There are two big problems with E&Y’s analysis. The first reminds me of the old joke that when Bill Gates walks into a bar, the average earnings of all the customers in the bar will be millions of dollars. In this case, E&Y includes private equity firms and their employees – including $230 million paid to Stephen Schwartzman and four other top executives at Blackstone, $172 million paid to KKR’s top five executives, $138 million paid to Apollo’s top five executives, and $104 million to Carlyle’s top five – in figuring out the average earnings of private equity sector workers. 

The second problem is that E&Y uses industry compensation to calculate the average earnings of private equity sector workers. But industry averages include the earnings of CEOs and top managers at PE-owned companies along with their hourly employees. It ignores the huge disparities in pay for workers in different occupations. 

E&Y could have easily avoided this problem by reporting the median earnings of private equity sector workers instead of the average earnings. Median earnings indicate what the typical worker earns. This figure is not distorted by the high earnings of workers at the top – including private equity moguls who are a big part of the 1 percent. 

Workers are not fooled. The legions of hard-working, hourly-paid workers employed in companies owned by private equity have no expectation of earning $71,000 in pay and benefits any time soon.

Taxes

As with wages, E&Y makes no effort to collect data on actual taxes paid by PE-owned companies. Here they simply look at the historical relationship between each type of tax “to the level of economic activity” – presumably national income or GDP. Of course, historical data does not yet reflect the Trump tax cuts, which lowered taxes for wealthy people and for many businesses, and cut into tax receipts at every level of government. So, the E&Y estimates of different categories of tax receipts exaggerate what was paid to government last year. 
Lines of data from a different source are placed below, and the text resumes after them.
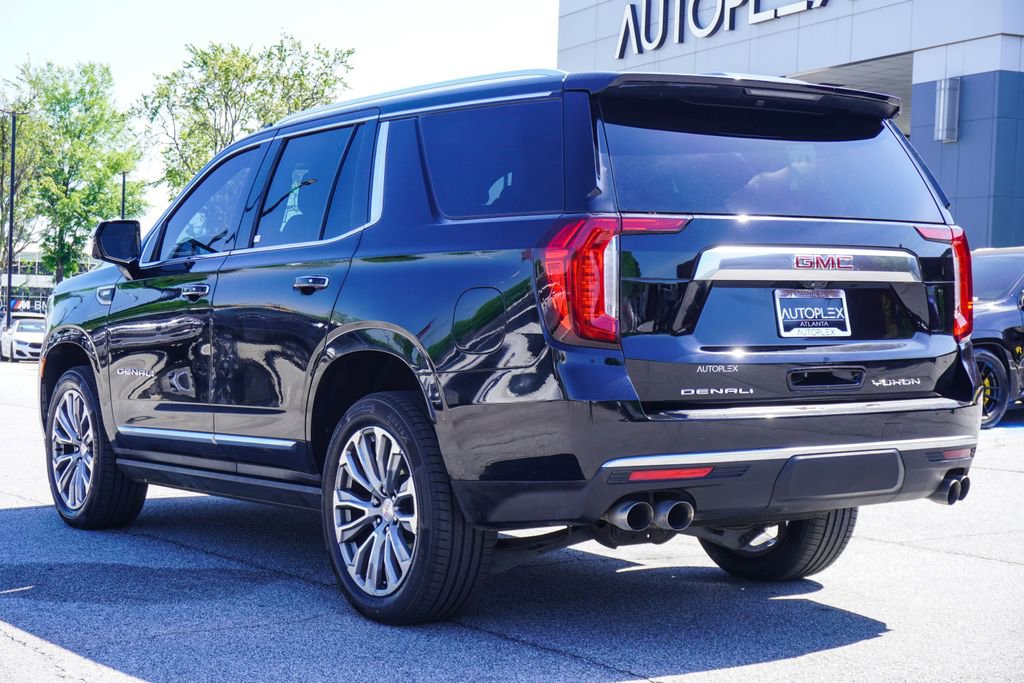 Used 2021 GMC Yukon Denali w/ Denali Premium Package image 28
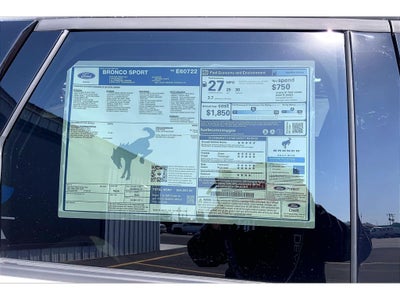 2026 Ford Bronco Sport Big Bend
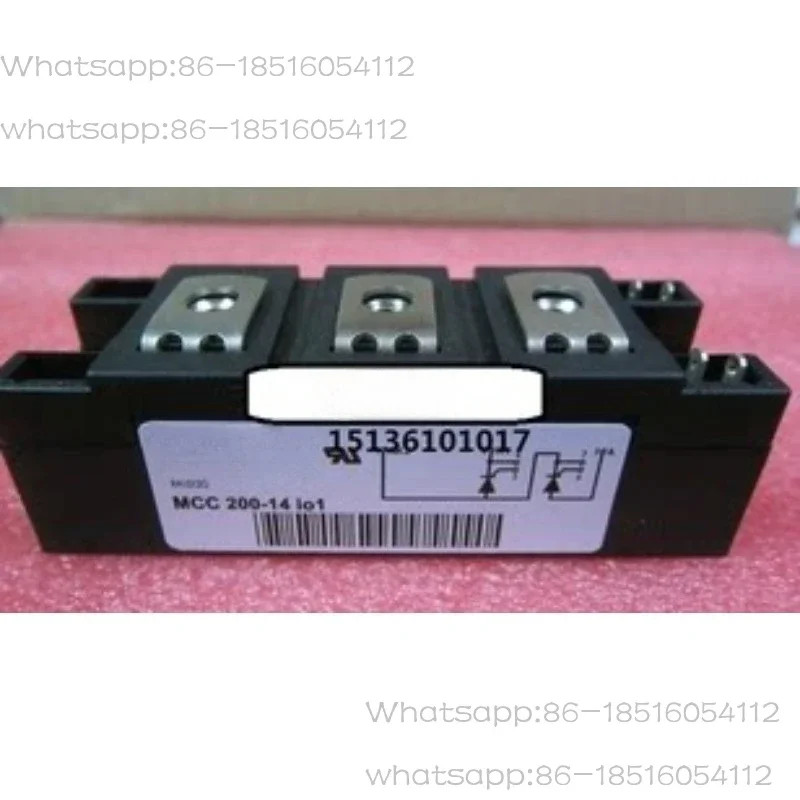 Dual thyristor module MCC162-16I01 MCC162-18I01 MCC162-14I01 MCC162-12I01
Private equity firms are notorious for hiring an army of tax accountants and tax lawyers to push the envelope on tax avoidance and lower the taxes PE firms pay, PE firm employees pay, and the companies owned by PE pay. Furthermore, the loss to the economy from tax avoidance goes way beyond the lost tax revenue. It also includes the fact that some of the smartest people in the country are busy figuring out how wealthy people and corporations can avoid paying their fair share of taxes when they could be developing cures for cancer or inventing the next big thing. Economists call that a deadweight loss to the economy – and it’s obvious why.

Growth Equity

Including growth equity along with buyouts of companies is another sleight of hand that makes private equity look much bigger than it actually is in terms of the number of employees and contributions to the economy. If your 401(k) includes 100 shares of General Motors stock, should you get credit for the jobs of all 170,000 US employees of General Motors? That’s what happens when E&Y includes growth equity in its calculations. A PE firm buys a small slice of a company, and E&Y counted all of the company’s employees in the total for private equity. E&Y also counted the 1.5 million workers employed by the PE firms in its employment numbers. The effect is that it raised total private equity employment in the E&Y report to 8.8 million, up 50 percent compared to the 5.8 million workers employed at PE portfolio companies reported by a consultant a few months ago and quoted by the AIC. 

Conclusion

Workers are not fooled by E&Y when their report talks about all the jobs private equity “supports,” or when it claims that the average annual compensation of workers in the private equity sector is $71,000. Let’s hope policymakers and politicians at the state and local levels can see through this report as well.